Daran : Euh, bien, c’est la meilleure période, c’est le moment où on ne sait pas encore que ça ne va pas marcher… ! (rires)

Sors-tu.ca : C’est un projet que tu avais depuis longtemps, donc tu dois être pressé de partager cela avec tes fans ?

Daran : Oui, c’était une vieille idée. En fait j’ai dit une fois que je ne l’avais pas encore fait parce que les maisons de disque étaient réticentes à ce genre de projet, et que maintenant je pouvais le faire car je m’autoproduis, mais peut-être que je me retranche derrière ça et que je n’étais pas forcément prêt à faire ça avant.  Donc c’est un bon timing.

Sors-tu.ca : C’est un projet que tu avais depuis combien de temps ?

Daran : Une quinzaine d’années ! On a tous, enfoui au fond de nous, ce désir de se confronter au dépouillement.

Sors-tu.ca : La plupart de tes textes sont de Pierre-Yves Lebert, c’est ça ?

Daran : La plupart, oui.  C’est un génie.

Sors-tu.ca : Comment ça se passe au niveau de l’écriture ? Est-ce toi qui lui donnes des idées de thèmes ou vice versa ?

Daran : Oh, c’est quelqu’un qui m’est proche donc  évidemment ça naît de nos nombreuses discussions. Quand on refait le monde, on trouve des idées. En fait je crois que l’on se comporte un peu comme une entité auteur-compositeur à deux car chaque fois que j’ai une idée il la transcrit parfaitement, et chaque fois qu’il a une idée, elle me colle parfaitement. Je pense qu’on est vraiment en phase tout simplement, on se connait tellement bien. Maintenant il y a la distance, mais il y a eu un travail avant, c’est le 4ème album qu’on fait ensemble.

Mais j’écrivais avant ! C’est lui qui m’a fait arrêter d’écrire.

Sors-tu.ca : Ça te correspond mieux ainsi ?

Daran : Bah, je crois qu’il y a un moment où il faut savoir s’incliner devant le talent ! (rires) Il a rendu mon métier facile. Quand je mets un texte sur mes genoux, tout est simple.

Sors-tu.ca : Je trouve justement que tes textes sont très personnels, donc je me demandais comment vous faisiez pour donner ce rendu-là.

Daran :Oui, c’est drôle car une personne sur deux croit que je suis auteur-compositeur-interprète. C’est le plus beau compliment qu’on puisse me faire, quelque part.

Sors-tu.ca : On a vraiment l’impression que c’est toi qui écris.

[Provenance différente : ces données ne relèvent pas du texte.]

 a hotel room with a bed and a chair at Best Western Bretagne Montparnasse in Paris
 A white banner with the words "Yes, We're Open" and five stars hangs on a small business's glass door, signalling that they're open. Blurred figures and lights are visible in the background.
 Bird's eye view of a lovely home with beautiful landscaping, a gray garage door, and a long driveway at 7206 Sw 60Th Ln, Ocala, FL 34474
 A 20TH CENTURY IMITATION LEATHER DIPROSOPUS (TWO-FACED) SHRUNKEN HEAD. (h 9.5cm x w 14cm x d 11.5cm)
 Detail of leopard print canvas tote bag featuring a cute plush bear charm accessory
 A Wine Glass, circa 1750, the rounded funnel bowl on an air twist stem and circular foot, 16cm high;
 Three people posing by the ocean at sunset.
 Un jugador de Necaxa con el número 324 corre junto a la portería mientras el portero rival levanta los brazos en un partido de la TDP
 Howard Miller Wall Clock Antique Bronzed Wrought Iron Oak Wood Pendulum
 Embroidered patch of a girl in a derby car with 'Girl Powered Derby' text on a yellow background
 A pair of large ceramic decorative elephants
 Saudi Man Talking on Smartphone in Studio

Daran : Oui, et le plus fort c’est que j’ai l’impression aussi à la fin !  En plus j’aime bien chanter en accord avec cela, je ne chante jamais « Il a fait ci, il a fait ça ». Je n’aime pas le « il », j’aime bien m’approprier les choses, j’aime bien être l’acteur de ce que je chante. Finalement, au bout du compte, je suis comme dans un costume sur mesure.

Sors-tu.ca : Ton album me semble globalementtrès sombre, est-ce un reflet de ta vie personnelle ?

Daran : Quand on m’entourera avec des trucs plus gais, je ferai des albums plus gais ! (rires) C’est vrai qu’il n’y a pas tellement matière à se réjouir mais c’est ce que j’aime bien chez Pierre-Yves Lebert d’ailleurs. On va aborder des choses sociétales, on arrive à toucher du doigt des choses un peu dures sans tomber dans le pathos, jamais. Il y a toujours la petite touche d’humour au moment où on pourrait s’enliser.

J’aime bien ce dosage, maintenant chacun a son propre dosage. C’est comme l’humour, on ne peut pas plaire à tout le monde. Ce que les gens vont trouver très sombres, moi je vais trouver ça normal.

Sors-tu.ca : Tu évoques des thèmes difficiles, comme dans Gens du Voyage où tu parles des populations déplacées, sont-ce des sujets qui te tiennent à cœur ?

Daran : Oui, quand je vois le pataquès dans mon ancien pays. En plus c’est vraiment de l’utilisation, c’est ridicule. Les Roms c’est la patate chaude en Europe en ce moment. Personne ne sait quoi en faire. En plus ils ont un passeport européen donc ils se promènent où ils veulent.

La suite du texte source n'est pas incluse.